- TASK OBJECTIVE -
Every line of the listing below is to be repeated exactly; the pictures stay out.

*** Opening of COLLECTED MATERIAL ***

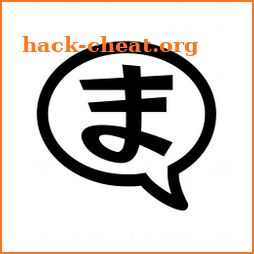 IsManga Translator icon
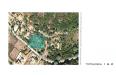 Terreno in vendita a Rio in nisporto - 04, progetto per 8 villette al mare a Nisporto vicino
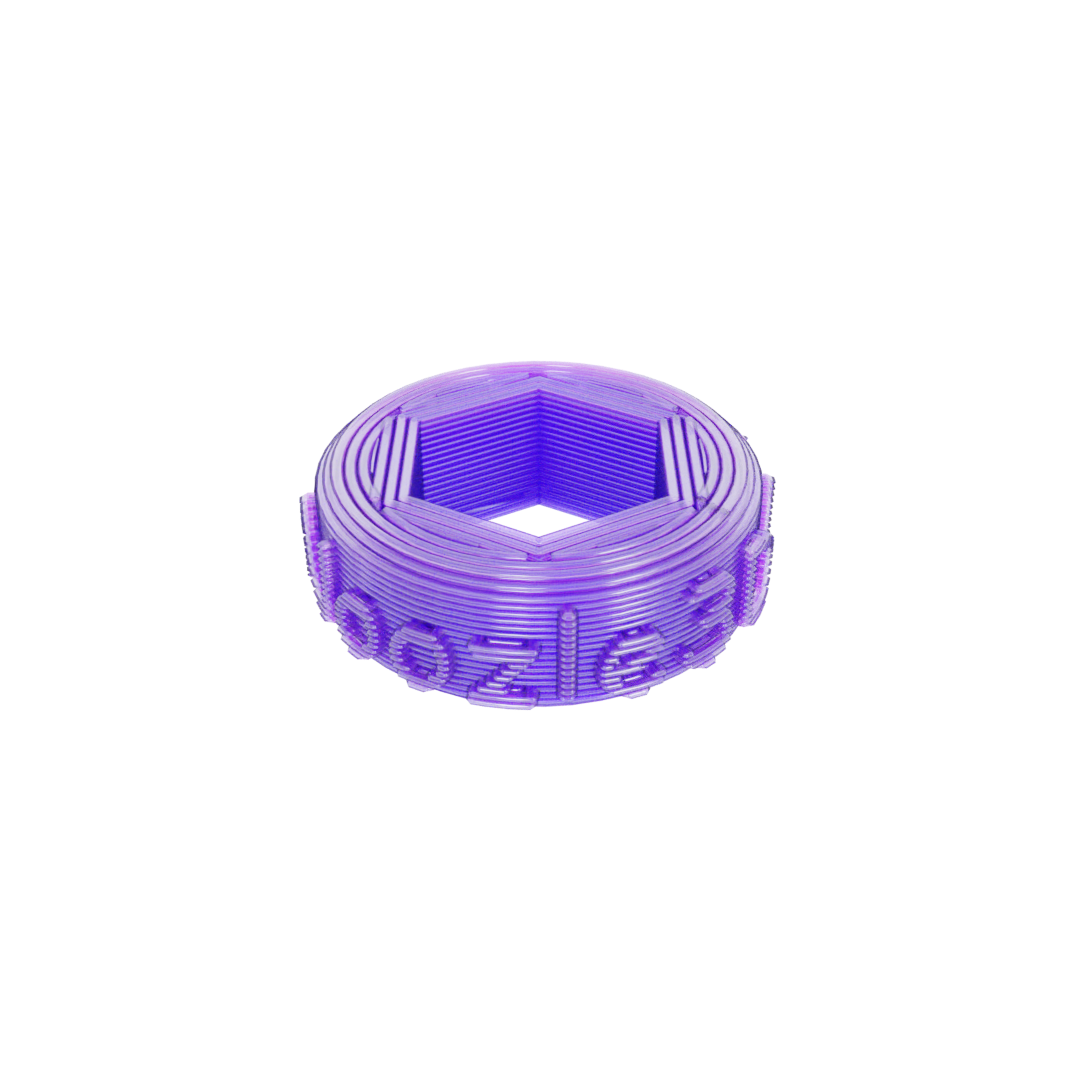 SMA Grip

*** Close of COLLECTED MATERIAL ***

- TASK ANSWER -
 IsManga Translator icon
 Terreno in vendita a Rio in nisporto - 04, progetto per 8 villette al mare a Nisporto vicino
 SMA Grip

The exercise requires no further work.